Thanks to the internet, customers are now more informed than ever before. While this is bad news for salespeople using unethical and underhanded tactics to seal the deal, it’s great news for sales reps who enjoy consultative sales and creating a strong relationship with their customers.
Instead of turning to salespeople to be told what they need, buyers now come to the table already armed with information. In fact, a Harvard Business Review article published back in 2012 suggests that “customers completed on average nearly 60% of a typical buying decision before even having a conversation with a supplier”. This makes some traditional sales methods redundant and requires a new sales approach to secure the sale.
However, it’s not always cut and dry. Some sales methodologies are more suited to certain situations and industries than others. For example, a transactional approach to sales may be more appropriate in a retail environment, while a consultative sales approach often works better in more complex environments such as B2B, SaaS, customisable products and tailored services. Financial services products such as insurance plans are also more suited to this method of selling due to their bespoke nature.
We explore this more below as we take a deep dive into consultative vs transactional selling.
What is consultative selling?
A report from Salesforce has shown that 84% of business buyers are more likely to buy from sales reps who understand their goals. That’s your role as a consultative salesperson. Instead of trying to sell a certain product, as with transactional selling, consultative sellers don’t hyper-focus on selling one specific product. Instead, they offer a number of appropriate solutions to a prospective customer with no bias and work together with them to figure out which one is best for them. Remember that the customer is already informed at this point, having read blogs, watched videos, received peer recommendations and taken part in webinars. Your job as a consultative seller is to find the right solution for them.
Consultative selling, which differs from solution selling, works well in complex sales situations and often becomes a long-term process. This is because the consultative salesperson focuses on customer success as an outcome, building a relationship with the prospective customer. For customers, this means receiving advice from a consultant rather than a salesperson. For salespeople, the focus should be on adding value to the conversation and finding the perfect solution.
Remember that with the consultative sales process, there will usually be multiple decision-makers involved to get the final sign-off.

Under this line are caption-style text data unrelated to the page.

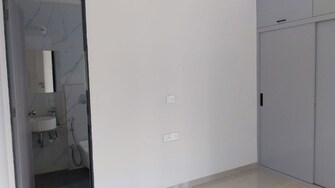 2.5 BHK + Extra Room 659 Sq.Ft. Apartment in Rosa Gardenia
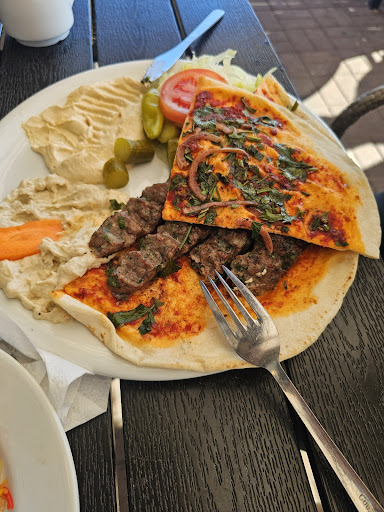 Photo of Rosto kitchen - Kallingevägen 6, 372 30 Ronneby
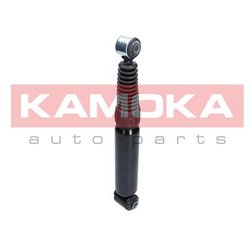 Kamoka 2000671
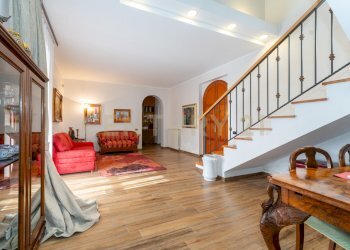 Via Gela 95 (8).jpg - Villa Via Gela 95, Caltagirone - foto 28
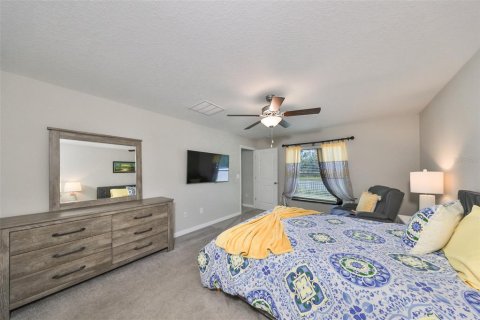 Villa ou maison à louer à Riverview, Floride: 4 chambres, 179.77 m2 № 2419903 - photo 15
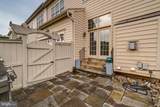 24909 Pinebrook Road - Photo 33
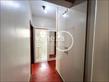 Apartamento para locação no bairro Centro de Londrina com 147.79m<sup>2</sup> útil, 3 quartos, 1 vaga de garagem - Foto 26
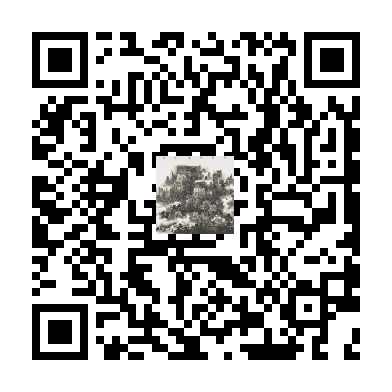 待添加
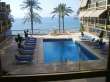 Pool & views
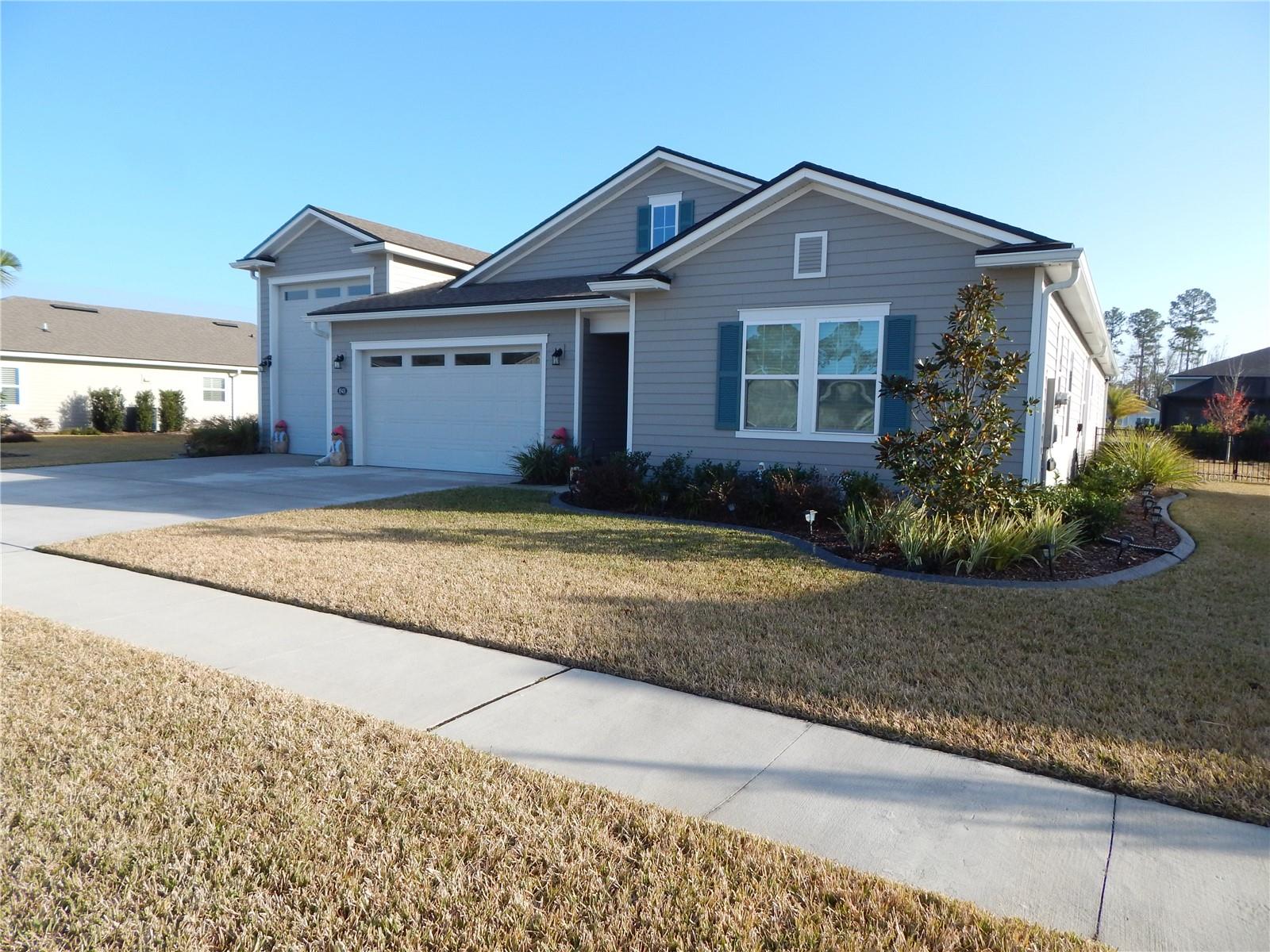 Details for 85431 Apple Canyon Court, FERNANDINA BEACH, FL 32034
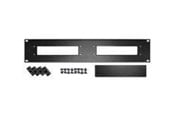Rack skabe - Shuttle XPC - PRM01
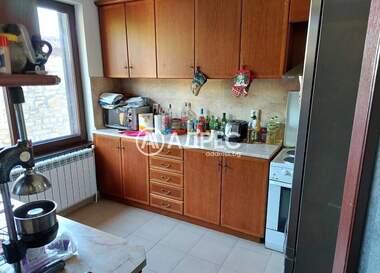 Satış - Ev olarak Gorsko Kalugerovo,  Veliko Tarnovo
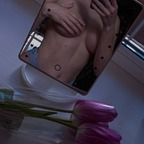 Onlyfans leaked merry_encyy 

 profile picture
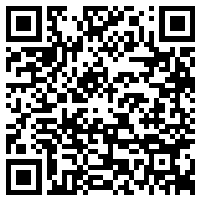 QR Code for bitcoin:bitcoin:bitcoin:dash:XgXTfJowNupVdbupNHFemWYRwFyKB59Pq5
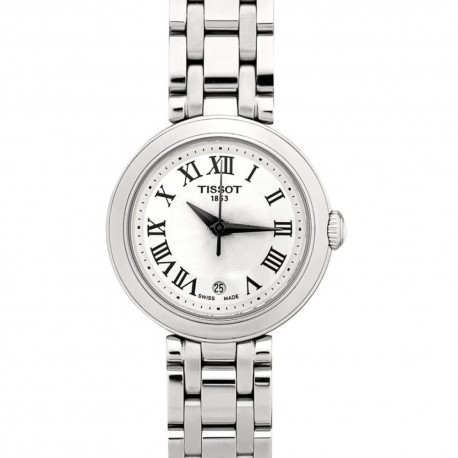 Reloj TISSOT T1260101101300 Original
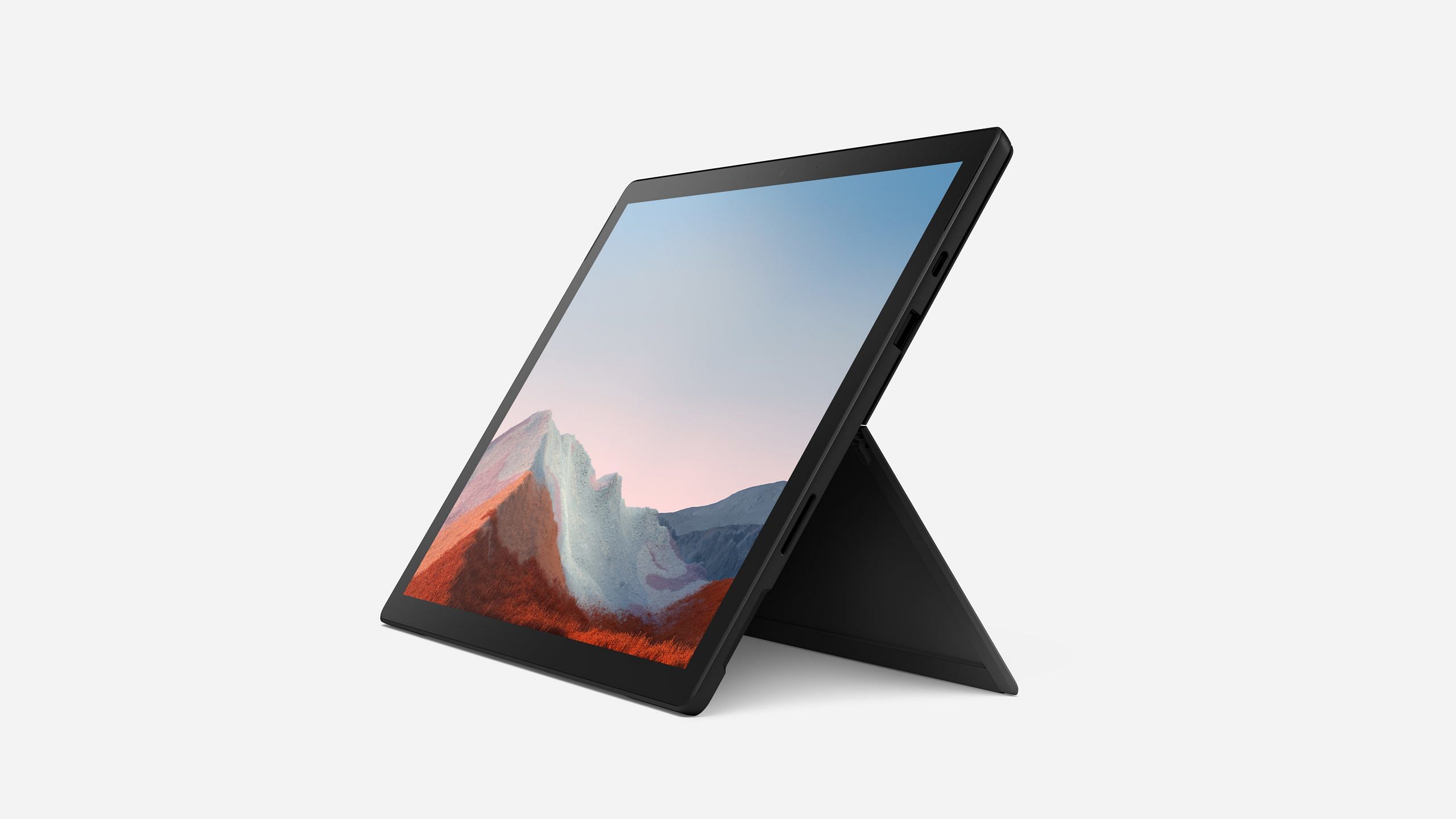 Microsoft surface pro i7 16gb outlet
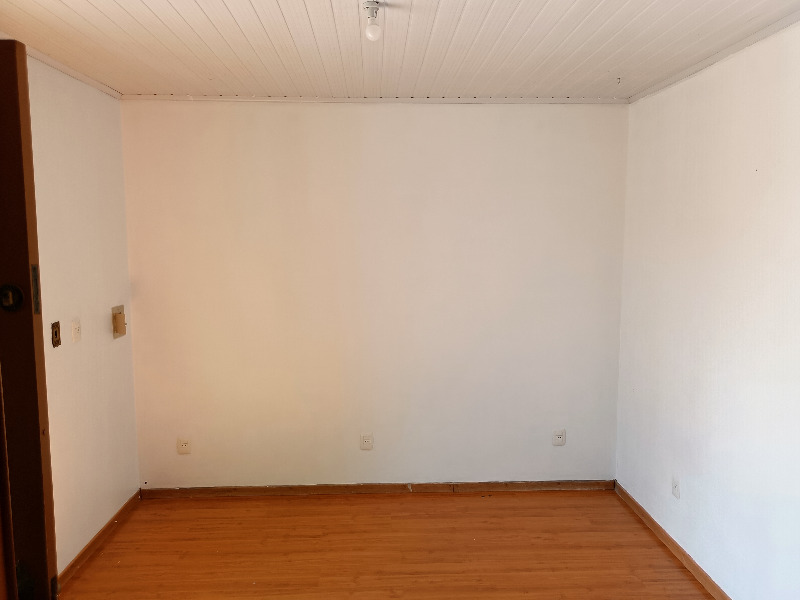 Casa, 3 quartos, 74 m² - Foto 3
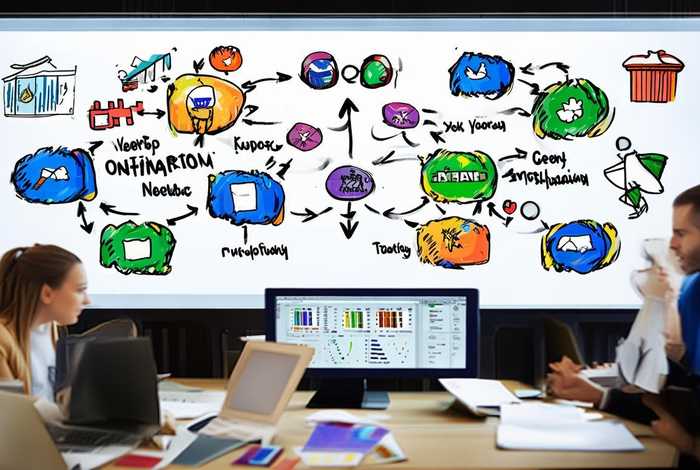 seo网站方案建议有哪些 - seo网站方案建议有哪些内容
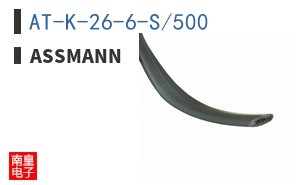 AT-K-26-6-S/500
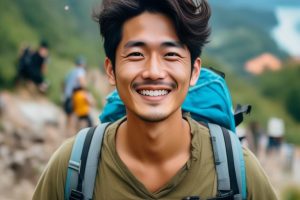 刚下载抖音怎么获得粉丝_抖音新用户吸粉法缩略图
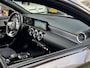 Mercedes-Benz A-klasse 250 e AUT8 SOLUTION AMG LIMITED PANODAK NAVI CAMERA DIGI-DASH APPLE-CARPLAY LED LMV PDC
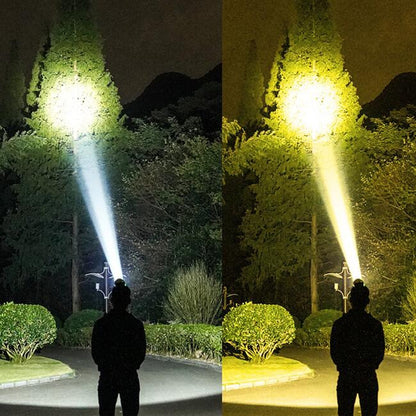 TBD0571956304_B5.jpg@779930b07ca5f382772866d0dd5f0029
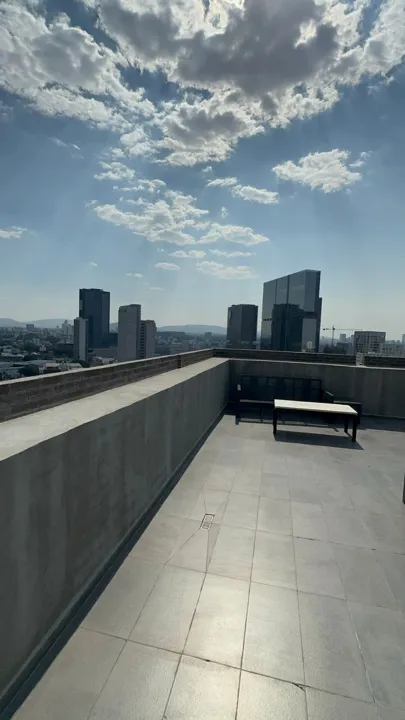 Foto 4 de DEPARTAMENTOS EN VENTA TORRE YU COUNTRY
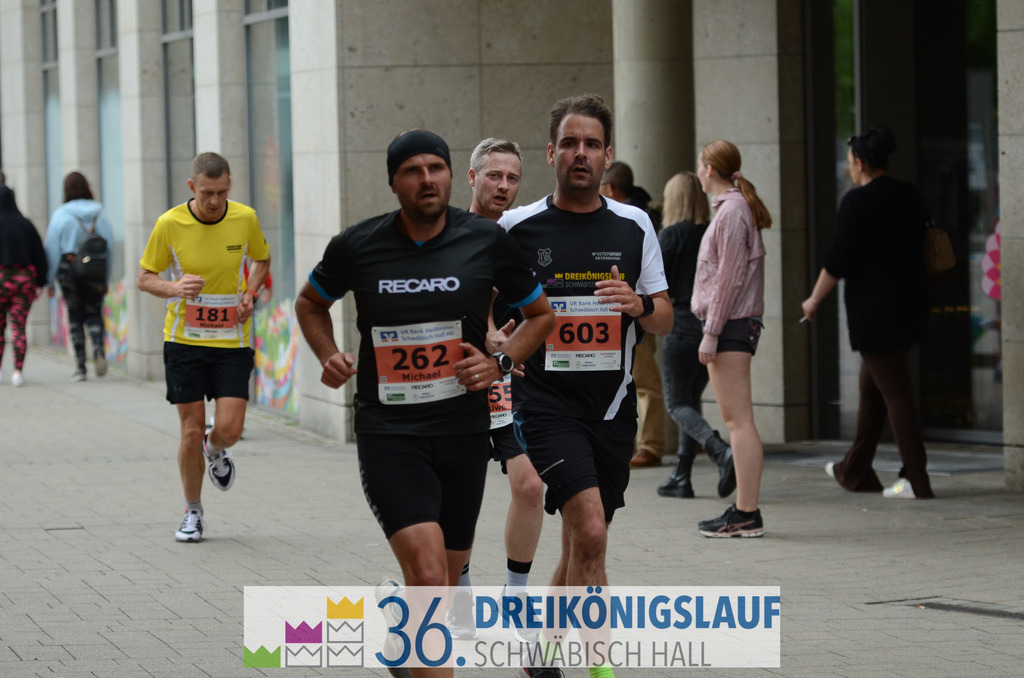 VR Bank Hauptlauf 10km | 3königslauf 2022 VR Bank Hauptlauf - Realisiert mit Pictrs.com
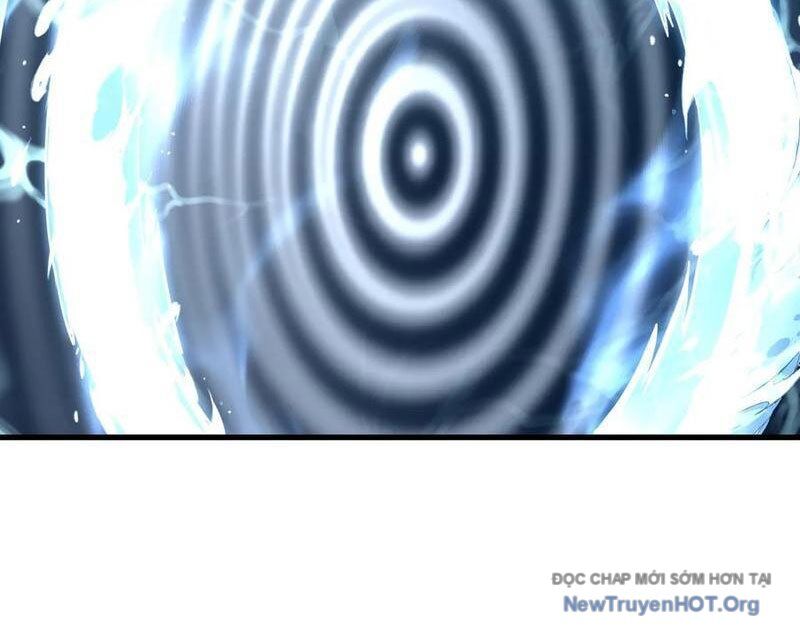 Mệnh Luân Chi Chủ! Khi Dị Biến Giáng Lâm Nhân Gian! Chapter 130 - Trang 2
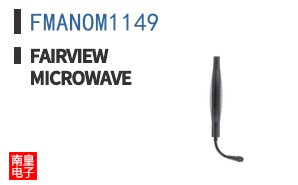 FMANOM1149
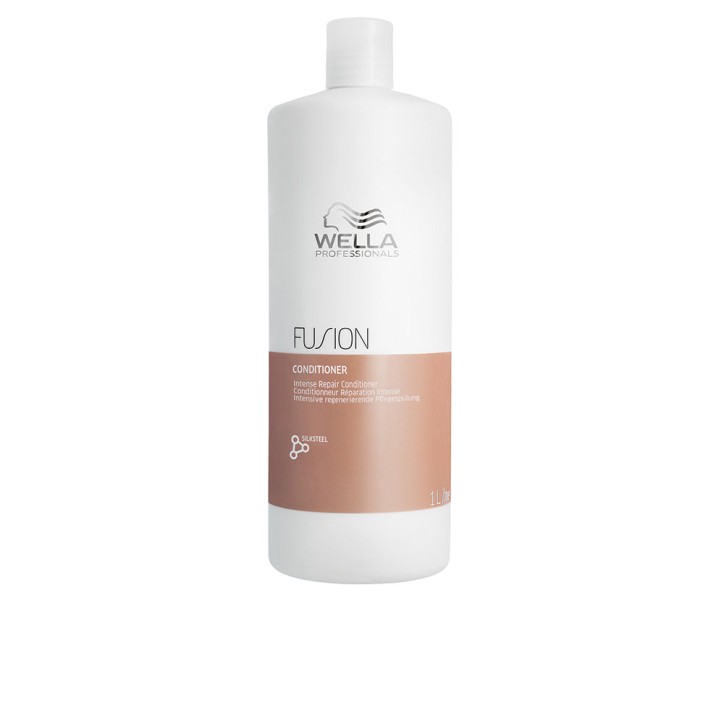 FUSION Intense Repair Conditioner for Damaged Hair 1000 ml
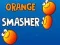 Gra Tłukacz Pomarańczy w Internecie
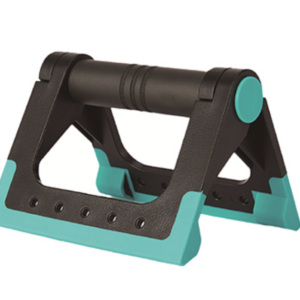 push-up-stand_6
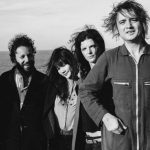 Альбом Peter Doherty & The Puta Madres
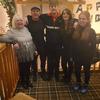 Dean Dawes - @dean.dawes - TikTok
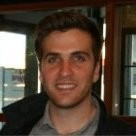 Kyle Nelson, Cpa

The consultative approach involves educating your prospect and using them as an internal product champion within their business to get the green light from other stakeholders.
Consultative selling techniques include:
- Active listening
- Asking consultative selling questions — probing, investigative and open-ended queries
- An in-depth understanding of all the products, services and solutions available
- Focusing on creating an objective solution without bias
- Providing insights, information and resources to support the customer in making a decision
- The ability to gain a deep understanding of the customer’s needs, pain points and requirements.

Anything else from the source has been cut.